Task Deduplication

Hi Alumio,

I’m getting more-and-more usecases where the body of a task is really just a placeholder saying “this particular entity has to be updated”. This generally happens when the actual content of a task is too big (and you have to place the update inside a storage or something) or when the ‘update trigger’ (i.e. a particular system saying it has been updated) doesn’t actually give you the entirety of the particular entity you’re working with.

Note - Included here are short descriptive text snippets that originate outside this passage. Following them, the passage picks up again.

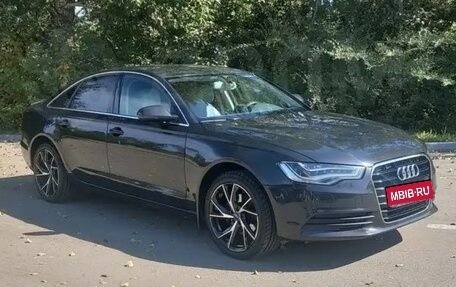 Audi A6, 2011 год, 1 300 000 рублей, 1 фотография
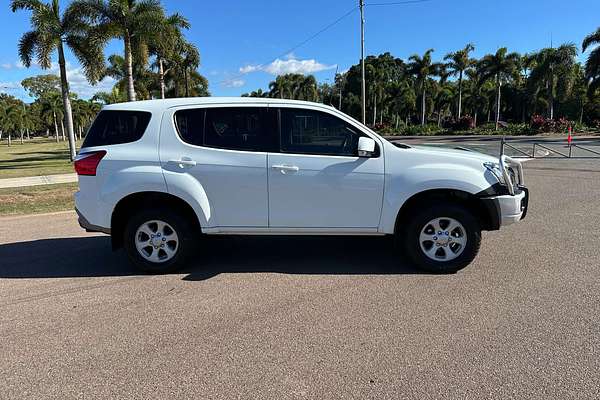 2021 Isuzu MU-X LS-M
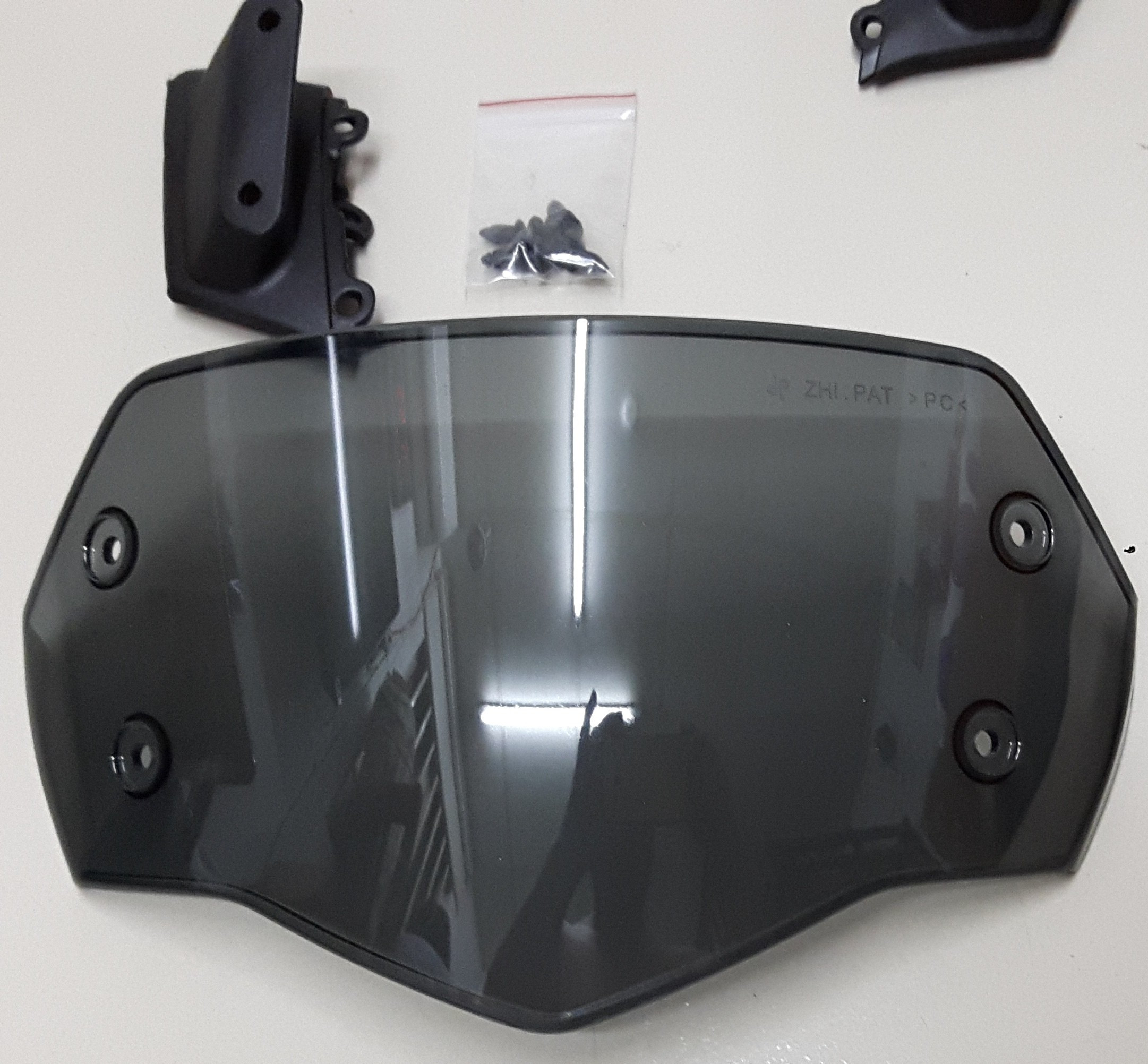 Kính chắn gió xe SH , Sh125 , sh150 , Sh 2017 - 2019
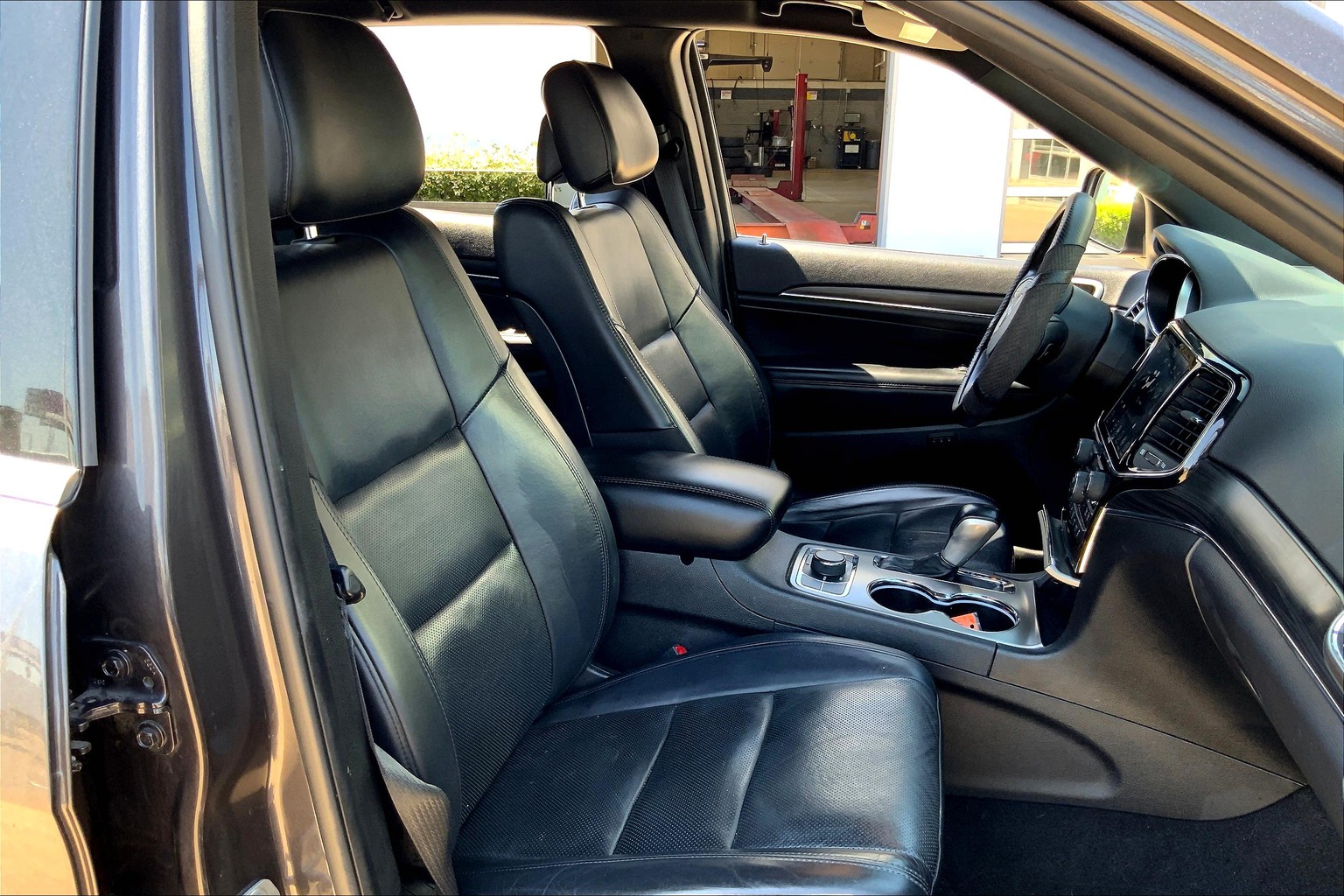 Grand Cherokee Limited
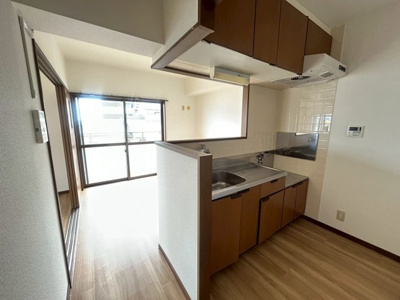 【キッチン】 | サイレントパレス矢曽根 | 別部屋参照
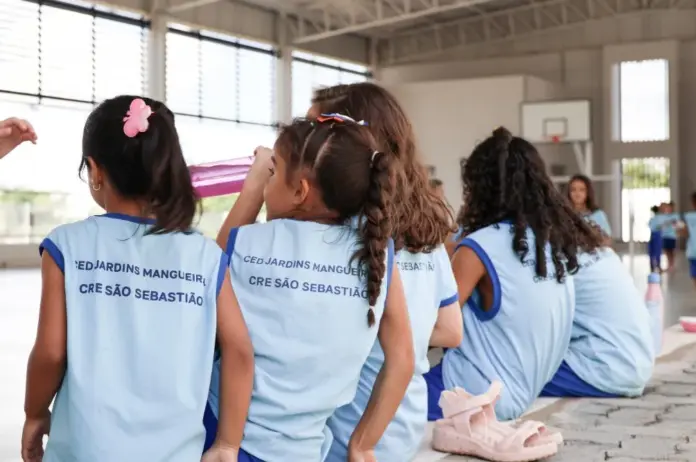 Recreio-Felipe de Noronha:SEEDF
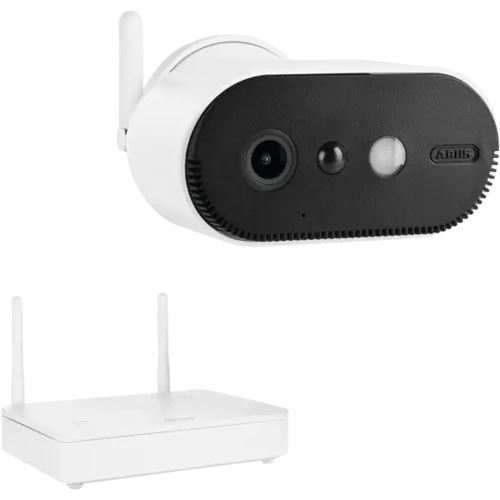 ABUS Security Center Akku-?berwachungskamera Pro mit Basisstation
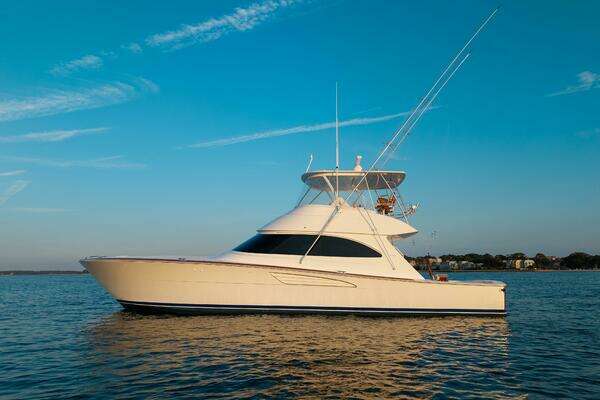 Photo of the 2023 Viking 54 Convertible "SALTY DOG"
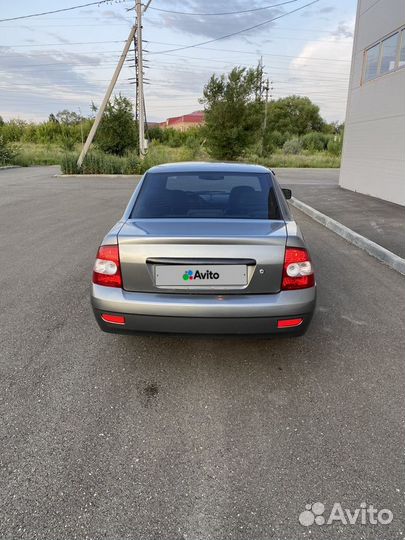 LADA Priora 1.6 МТ, 2008, 249 000 км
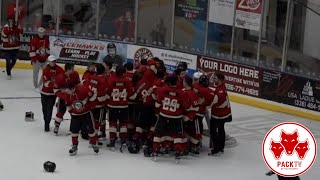 ACCHL Championship Game NC State Hockey vs. Wake Forest (February 16th, 2020) screenshot 5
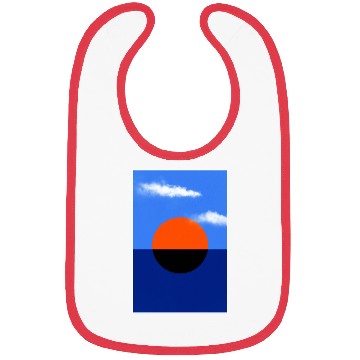 Discover Bauhaus Summer Horizon Bibs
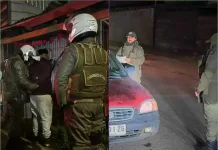 Ronda Impacto Deja Nueve Detenidos Y Mas De 140 Fiscalizaciones En Linares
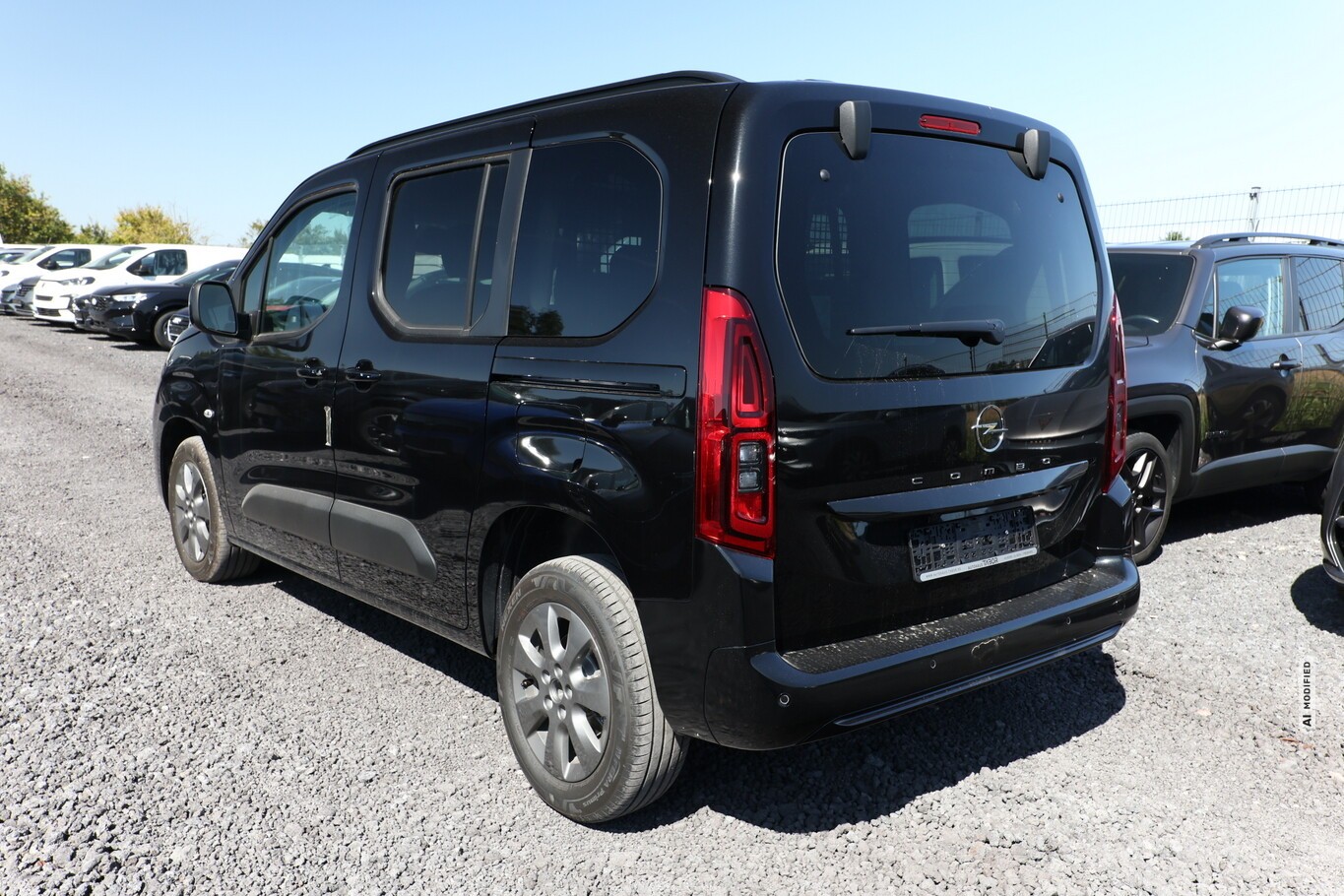 Opel Combo AT8 GS Nav10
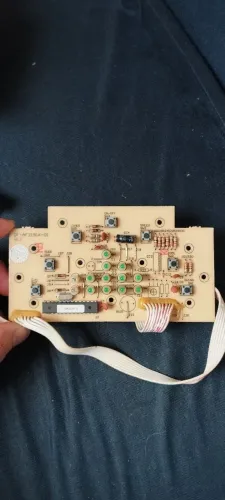 Placa interface climatizador Consul C1M06C abana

For those use-cases, a ‘task deduplication’ option on the route would be great. Basicly, before creating a task, it would check within that route to see if there’s a new task with that exact entity-identifier and it would skip it.

Hi Floris,

Thank you for your feedback.

It seems that kind of functionality is already covered by “Filter previously stored entities” or the entity filter “Filter by storage entities”, right? Or, do you need a more handy option within the route to do so?

Hi Gugi,

Let’s say you have a “customer” entity. This customer entity needs to be sent fully to the receiving system, however, you get the actual data to build it from a few different sources:

  • An ‘Addresses’ endpoint
  • A ‘Contacts’ endpoint
  • A ‘Customer Group’ endpoint
  • A ‘Company’ endpoint

Each has their own updated_at timestamp, and adding, for example, a Contact to the Company will not ‘update’ the Company itself.

So to make this work, you can poll each of these endpoints to check for changes, and if you find a change, you get the Company Number, save it to a storage (= your queue). Add in an incoming which reads that particular storage and creates tasks into a full “update customer/company entity route”.

The “Filter previously stored entities” will not really work in this case. Because you don’t actually have the full entity before running the route.

Hi Floris,

Thank you for the thorough explanation.

Our existing entity filter “Filter by storage entities” can filter out entities or skip tasks whose identifier already exists in a storage. Please find the below example.

Let’s say we already have a storage filled with entities, such as below.

Each storage entity consists of id and name properties.

image

You can use “Filter by storage entities” with Condition “An item with the identifier must exist in the storage” in order to filter out new entities coming in.

Even though the coming entity only has the identifier, it’s enough to let Alumio filters out the entity due to having the same identifier with the one stored in the storage.

It’s not as handy as the “Task deduplication” option in the route, but this might help you to achieve your objective with the current functionalities.

Feel free to let me know if this is not the case.

Hi @Gugi ,

Wherever possible, I do use comparable techniques.

The thing is, that a task is computationally expensive for Alumio. So being able to prevent a task from being created at all would be preferable.

@Gugi I do like this feature.
With it, you don’t need to setup any storages.

Would more so be usefull with overlapping batch syncs (xml and the like).

Hi @floris You can put the entity filter in incoming configuration or route so that no task will be created.

@anon99371720 Do you mean that the identifier would be compared to the existing tasks, or we would need an “invisible storage” to log all the processed identifiers?

Hi @Gugi ,

In many different routes, you don’t actually have the entire entity in the incoming. The entity is basically constructed inside of a task. So that wouldn’t work.

Hi @floris,

The entity filter only needs the identifier and don’t need the entire entity to compare, like I mentioned before.

Hi @Gugi ,

But that’s not an option for the process as I described it.

You could, I suppose, create a ‘save to storage’ where you only place the entity identifier. That storage would then save all “active tasks”. And within the Outgoing you’d delete that entity from the storage. But then what happens when the Outgoing fails? The entity would then never be re-synced! (Note that you could somewhat fix this by utilizing TTLs etc.)

So no, that’s not an option for the situation I’m mentioning.